Cuando aspiraba a la presidencia por vez primera, Obama dejó claro que la culpa no solo había que buscarla en Reagan y la familia Bush, sino también en Clinton. Ahora que la exsecretaria de Estado Hillary Clinton compite con el magnate Donald Trump por la presidencia, el agradamiento de la brecha entre los más y los menos favorecidos, y lo que han hecho o no los demócratas, y en especial Barack Obama para solucionar el problema, ha vuelto a colocarse en el centro del debate político.

No es la primera vez que esto ocurre en la nación norteamericana y no hay que pensar que será la última.

Estados Unidos parece condenado al péndulo entre los intereses públicos y los privados. Pasó durante la época dorada a finales del siglo XIX, en la década iniciada en 1920 y volvió a comienzos de esta centuria: el engrandecimiento de las corporaciones, la especulación y las ganancias financieras exorbitantes que revientan como una burbuja y la crisis económica resultante, todo lo cual conduce al establecimiento de nuevas regulaciones.

Durante el primero de los tres debates presidenciales, Clinton perfiló una agenda económica que recoge tanto algunos de los planteamientos que durante las primarias demócratas formuló el senador Bernie Sanders —y que le ganaron una gran popularidad— como también varios de los reproches que viene haciendo desde hace algún tiempo la senadora demócrata por Massachusetts Elizabeth Warren, quien se ha destacado por una actitud crítica frente a Wall Street.

Esa actitud, que al principio de la campaña se dudó que pudiera adoptar la exsenadora, se ha convertido en parte de la agenda de la candidata demócrata.

Siempre cabe considerar que se trata simplemente de un “truco” para ganar las elecciones, pero en la práctica no va a resultar tan fácil no cumplir dichas promesas, y esta afirmación no descansa en una confianza ingenua en la exsecretaria, sino en el hecho de que el movimiento creado por Sanders conserva una vigencia latente que no será fácil desestimar.

Si bien por una parte el gobierno de Obama adoptó regulaciones al capital financiero —algo muy criticado por los republicanos— en la práctica los presupuestos nacionales aprobados en los últimos años no dejaron de favorecer al capital financiero.

Por supuesto que el “conservadurismo” de Obama no ha resultado contrario a los ideales de quienes desean mayor justicia social sin recurrir para ello a la conocida inutilidad de los intentos revolucionarios.
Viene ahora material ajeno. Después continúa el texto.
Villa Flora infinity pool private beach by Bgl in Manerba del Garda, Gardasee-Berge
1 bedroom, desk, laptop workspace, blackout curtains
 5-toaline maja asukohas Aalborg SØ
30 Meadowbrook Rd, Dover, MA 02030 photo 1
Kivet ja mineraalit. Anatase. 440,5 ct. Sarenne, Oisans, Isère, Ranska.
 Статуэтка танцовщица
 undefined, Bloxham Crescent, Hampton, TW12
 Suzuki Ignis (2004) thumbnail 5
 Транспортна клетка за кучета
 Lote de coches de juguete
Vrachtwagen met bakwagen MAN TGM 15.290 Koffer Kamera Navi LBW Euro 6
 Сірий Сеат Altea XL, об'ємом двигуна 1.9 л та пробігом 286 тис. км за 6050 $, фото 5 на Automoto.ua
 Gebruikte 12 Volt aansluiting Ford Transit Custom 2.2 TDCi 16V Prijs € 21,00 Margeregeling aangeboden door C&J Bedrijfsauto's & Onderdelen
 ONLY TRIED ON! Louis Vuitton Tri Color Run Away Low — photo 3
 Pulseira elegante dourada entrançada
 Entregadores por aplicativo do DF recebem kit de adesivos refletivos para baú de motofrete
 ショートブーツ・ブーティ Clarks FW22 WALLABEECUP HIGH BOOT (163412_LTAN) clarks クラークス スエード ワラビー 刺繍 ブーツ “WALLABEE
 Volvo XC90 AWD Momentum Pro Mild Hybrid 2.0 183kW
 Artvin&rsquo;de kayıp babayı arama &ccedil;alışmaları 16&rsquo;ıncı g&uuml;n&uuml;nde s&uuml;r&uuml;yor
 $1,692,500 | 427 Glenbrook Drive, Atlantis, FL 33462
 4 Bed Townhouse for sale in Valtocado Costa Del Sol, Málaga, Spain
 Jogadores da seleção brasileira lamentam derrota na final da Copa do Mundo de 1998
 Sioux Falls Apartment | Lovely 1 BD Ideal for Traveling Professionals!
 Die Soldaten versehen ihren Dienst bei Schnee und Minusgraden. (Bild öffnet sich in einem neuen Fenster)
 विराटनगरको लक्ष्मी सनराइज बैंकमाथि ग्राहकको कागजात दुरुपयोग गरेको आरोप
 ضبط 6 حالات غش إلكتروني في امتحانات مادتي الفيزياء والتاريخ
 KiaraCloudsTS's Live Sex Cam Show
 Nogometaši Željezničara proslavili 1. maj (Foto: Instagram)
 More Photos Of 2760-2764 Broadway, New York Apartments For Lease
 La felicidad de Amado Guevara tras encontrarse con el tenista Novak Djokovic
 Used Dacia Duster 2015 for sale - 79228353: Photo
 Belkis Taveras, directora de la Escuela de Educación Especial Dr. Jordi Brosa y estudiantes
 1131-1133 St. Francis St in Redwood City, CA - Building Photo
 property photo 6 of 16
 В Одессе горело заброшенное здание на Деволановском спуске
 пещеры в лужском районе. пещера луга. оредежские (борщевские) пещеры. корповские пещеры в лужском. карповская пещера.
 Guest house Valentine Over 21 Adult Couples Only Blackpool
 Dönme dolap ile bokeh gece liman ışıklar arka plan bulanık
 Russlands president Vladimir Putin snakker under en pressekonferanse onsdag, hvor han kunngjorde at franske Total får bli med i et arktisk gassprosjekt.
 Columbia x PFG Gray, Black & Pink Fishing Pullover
Pero ello no basta, si los demócratas logran imponerse en las urnas.

En la actualidad, más del 40 % del ingreso total de la población estadounidense está en manos del 10 % de quienes reciben mayores ingresos en el país. Las cifras son similares a las existentes en los años 20 del siglo pasado, que luego fueron reducidas hasta finales de los 60. En estos momentos, el 1 % de las familias más acaudaladas poseen más del 40 % de todos los medios económicos, entre ellos viviendas e inversiones financieras, lo que es superior a cualquier cifra en años anteriores a 1929.

Como señaló hace años el exasesor republicano Kevin Phillips, en su libro Wealth and Democracy, Estados Unidos ha vuelto a la época de los Vanderbilt, Rockefeller, Carnegie y Morgan de finales del siglo XIX. Ese es el país cuya población, más polarizada que en ocasiones anteriores, este año acude a las urnas para elegir un nuevo presidente.